Start of Records shown
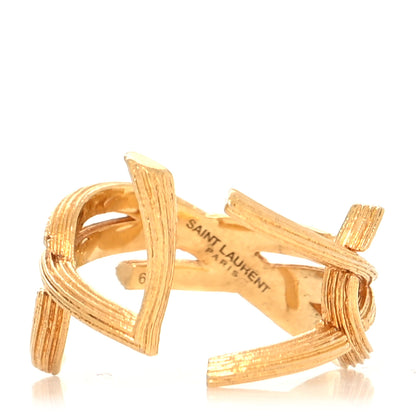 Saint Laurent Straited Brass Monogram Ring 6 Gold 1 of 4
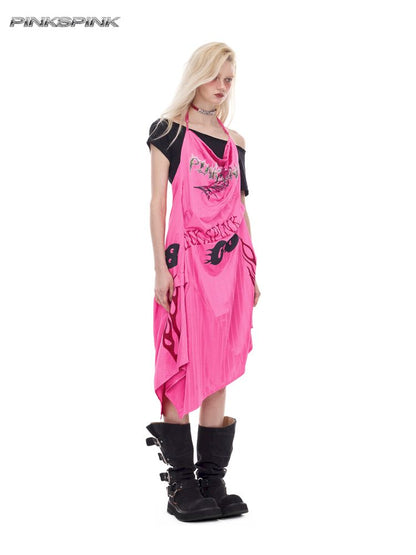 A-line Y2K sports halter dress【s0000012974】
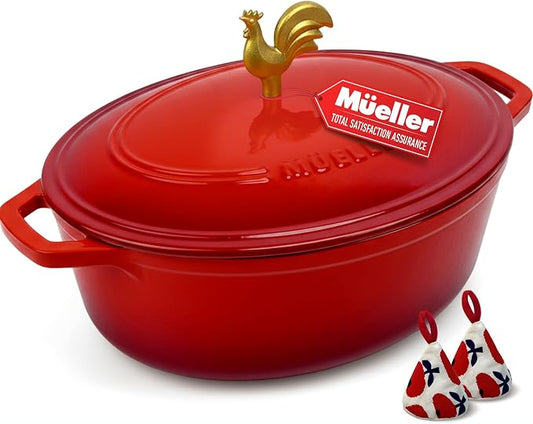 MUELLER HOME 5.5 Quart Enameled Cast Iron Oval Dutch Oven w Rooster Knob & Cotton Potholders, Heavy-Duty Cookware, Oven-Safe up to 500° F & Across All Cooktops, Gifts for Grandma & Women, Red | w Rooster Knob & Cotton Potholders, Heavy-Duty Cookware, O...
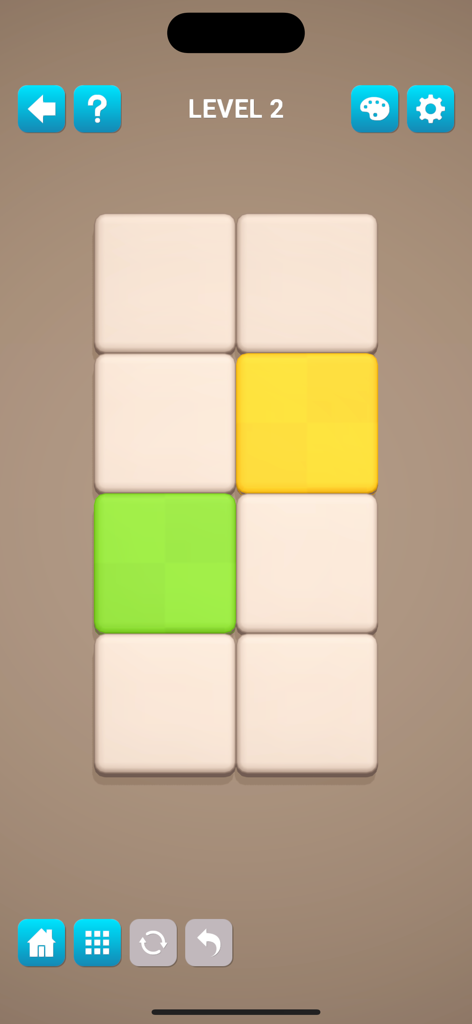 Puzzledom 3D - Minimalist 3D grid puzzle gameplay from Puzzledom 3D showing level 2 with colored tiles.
End of Records shown
Start of Records shown
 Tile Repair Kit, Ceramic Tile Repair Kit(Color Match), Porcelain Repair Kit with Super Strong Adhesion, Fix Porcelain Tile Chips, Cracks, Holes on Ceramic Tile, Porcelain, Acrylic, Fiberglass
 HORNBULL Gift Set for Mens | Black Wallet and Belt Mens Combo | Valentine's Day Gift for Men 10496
End of Records shown
### Work to complete
Above are the records; copy exactly the lines from the one with "MUELLER HOME 5.5" through the one with "Puzzledom 3D - Minimalist", including both, and nothing more. Leave out pictures.

### The completed task
 MUELLER HOME 5.5 Quart Enameled Cast Iron Oval Dutch Oven w Rooster Knob & Cotton Potholders, Heavy-Duty Cookware, Oven-Safe up to 500° F & Across All Cooktops, Gifts for Grandma & Women, Red | w Rooster Knob & Cotton Potholders, Heavy-Duty Cookware, O...
 Puzzledom 3D - Minimalist 3D grid puzzle gameplay from Puzzledom 3D showing level 2 with colored tiles.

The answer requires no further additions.